La alarma sonó cuando aún les quedaba otra calle por atravesar. Korthac salió a la carrera, sus hombres apresurándose detrás. Giró por la calle de Eskkar. Una antorcha ardía junto a la puerta, y vio a un grupo de hombres peleando. Hathor y sus hombres tenían orden de mantener la puerta abierta. Se alzó un clamor desde detrás de la puerta del patio, otra trompeta dando la alarma en la oscuridad, por encima del ruido y la confusión. El ruido del bronce contra el bronce hizo saber a todos que la lucha continuaba, y dentro del cuartel de Eskkar los soldados buscaban sus armas y corrían hacia la puerta.
Dos de los hombres de Hathor murieron en la lucha, pero mantuvieron la puerta abierta lo suficiente para que los hombres de Korthac llegaran. Korthac se detuvo y les ordenó entrar. Ariamus fue el primero, saltando a través de la abertura, dando su grito de guerra. Korthac dejó pasar a una docena de hombres y luego los siguió, custodiado por los mismos dos guardaespaldas que lo habían ayudado a matar a los soldados en la puerta del río.
Otra antorcha ardía en el patio, iluminando los cadáveres desperdigados. Dos más de los hombres de Ariamus habían muerto al abrirse paso. El resto de los egipcios de Korthac formaron un grupo en torno a él. Korthac se apresuró por el muro hasta la casa. Ariamus había ordenado forzar la entrada si fuera necesario, y dos de sus hombres llevaban martillos y arietes con tal propósito. Si fuera necesario, meterían los arietes entre las tablas de madera y despedazarían la puerta.
Korthac vio que no serían necesarias las herramientas. La gruesa puerta estaba abierta. Se oían ruidos de pelea provenientes del interior de la casa, aunque éstos habían cesado cuando él alcanzó la entrada.
Ariamus, con la espada ensangrentada, lo recibió al cruzar el umbral.
—Están en las habitaciones superiores. Tendremos que forzar la puerta. —Dos hombres sacaron martillos de sus fardos y corrieron hacia las escaleras.
—Tal vez no. Traed otra antorcha. —Pasando por encima del cadáver de un soldado, Korthac entró y subió los escalones, para detenerse justo en el rellano. Golpeó la puerta con la punta de su espada—. Señora Trella —gritó—, dígales a sus hombres que abran la puerta. De otro modo tendremos que derribarla y matar a todos los ocupantes.
Le respondieron unos gritos y, del otro lado de la puerta, oyó que unos hombres discutían.
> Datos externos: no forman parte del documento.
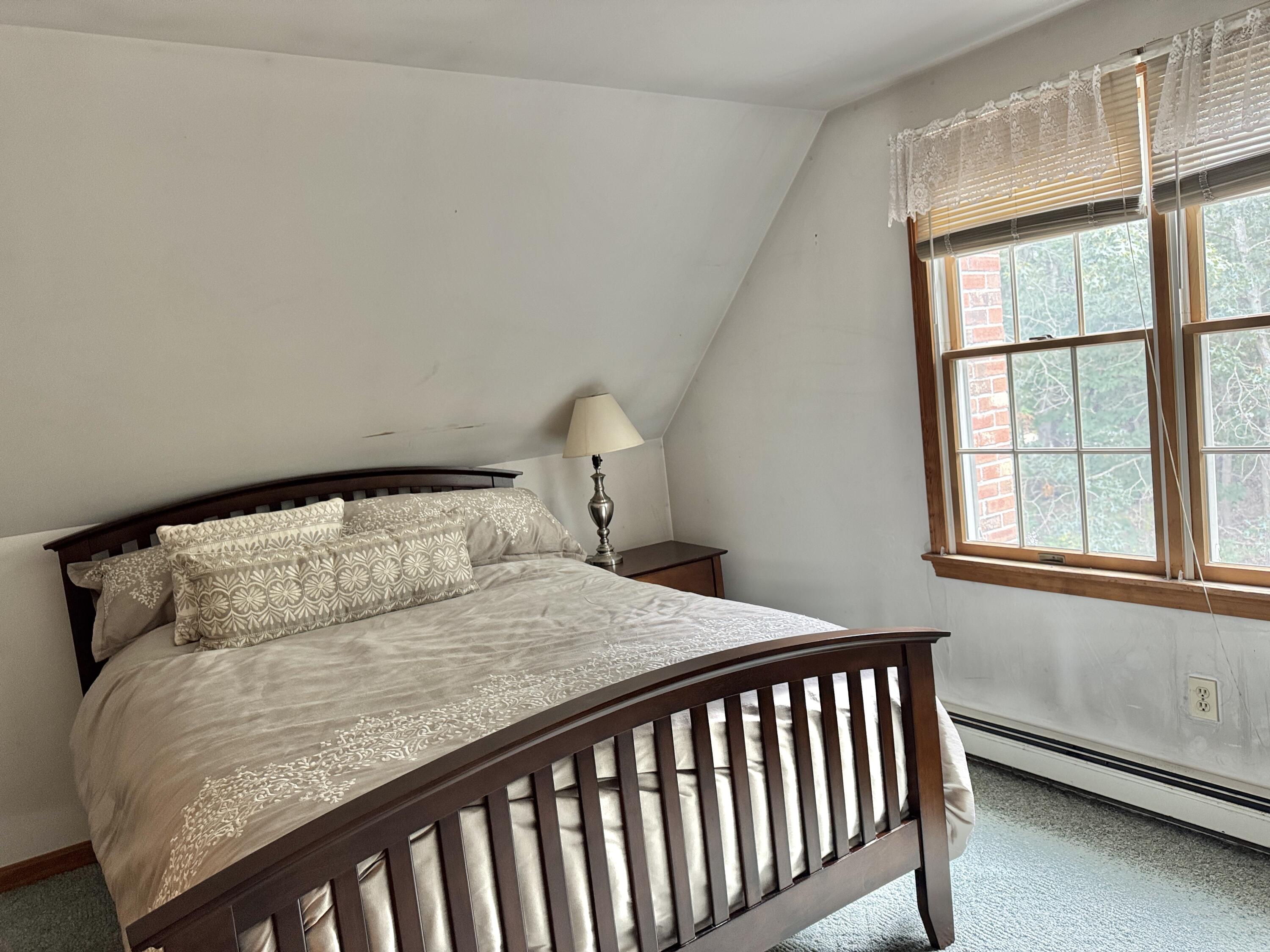 255 Massasoit Road Eastham, MA 02642 - Photo 17 of 25 a bedroom with a bed and a window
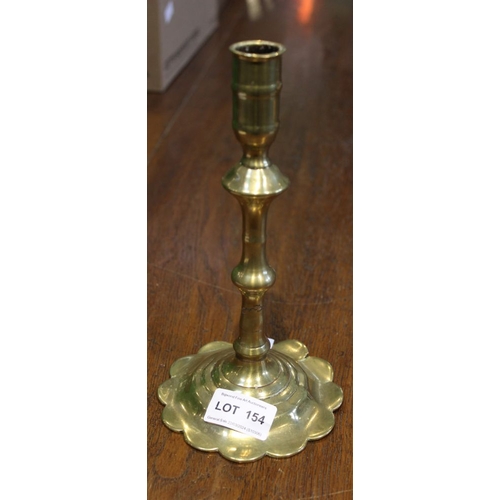 154 - An 18th century brass candlestick with petal shaped base 21cm high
—Soldados de Akkad, la casa ha sido tomada. —Korthac esperó un momento, mientras que las voces de los hombres, maldiciendo, se escuchaban a través de la puerta—. Señora Trella, dígales a sus hombres que se rindan. Sus soldados están todos muertos, y más hombres míos han capturado el cuartel. No recibirán ayuda alguna. Si no quiere que mueran sus partidarios, abra la puerta.
Dejó que la discusión continuara unos momentos. No tenían alternativa. Tan pronto como se dieran cuenta de que nadie los rescataría, se rendirían. Los hombres de Korthac llenaban el patio, algunos ocupados ya en saquear los cuartos de los soldados. Detrás de la puerta, los defensores continuaban discutiendo, alzando la voz. Algunos querían resistir, otros hablar.
—Abra la puerta ahora, Trella. Necesitará mi protección para usted y su hijo.
—¿Dejará con vida a los soldados? —Su pregunta se oyó por encima de la discusión, que se acalló al sonido de su voz.
Korthac no detectó pánico en su voz, sólo aceptación de lo inevitable.
—Sí, como esclavos. Eso o la muerte.
No tenían alternativa y no le llevó mucho tiempo a Trella convencer a los guardias. Oyó el sonido de la mesa arrastrada por el suelo y, en un momento, la barra que retiraban de la puerta. Ésta se abrió y se pudo ver a Annok-sur de pie. A sus espaldas, cuatro hombres con las espadas preparadas. Korthac vio a otro hombre, herido, apoyado contra la pared.
—Dígales que bajen las espadas y salgan. Usted y la señora Trella permanecerán ahí.
—Dejad las espadas y obedecedle. —La voz de la señora Trella se oyó por detrás de los hombres.
No parecía temerosa, pero él pronto la haría cambiar.
Los soldados se miraron entre sí y luego dejaron caer al suelo las espadas, rindiéndose.
—Átalos, Ariamus. Necesitaremos buenos esclavos. —Korthac había sido sincero. Unas pocas semanas trabajando como esclavos bajo el látigo los dejarían más que dispuestos a sumarse a sus fuerzas. Con Eskkar muerto y olvidado, los guerreros entrenados se le unirían voluntariamente.
Korthac observó mientras Ariamus y sus hombres ataban las manos a los soldados, empujándolos escaleras abajo, junto con el resto de los prisioneros. En unos instantes, sólo quedaron en el cuarto Trella y Annok-sur.
—Le enviaré a sus sirvientes, Trella. Si quiere que sigan vivos, usted permanecerá en su cuarto.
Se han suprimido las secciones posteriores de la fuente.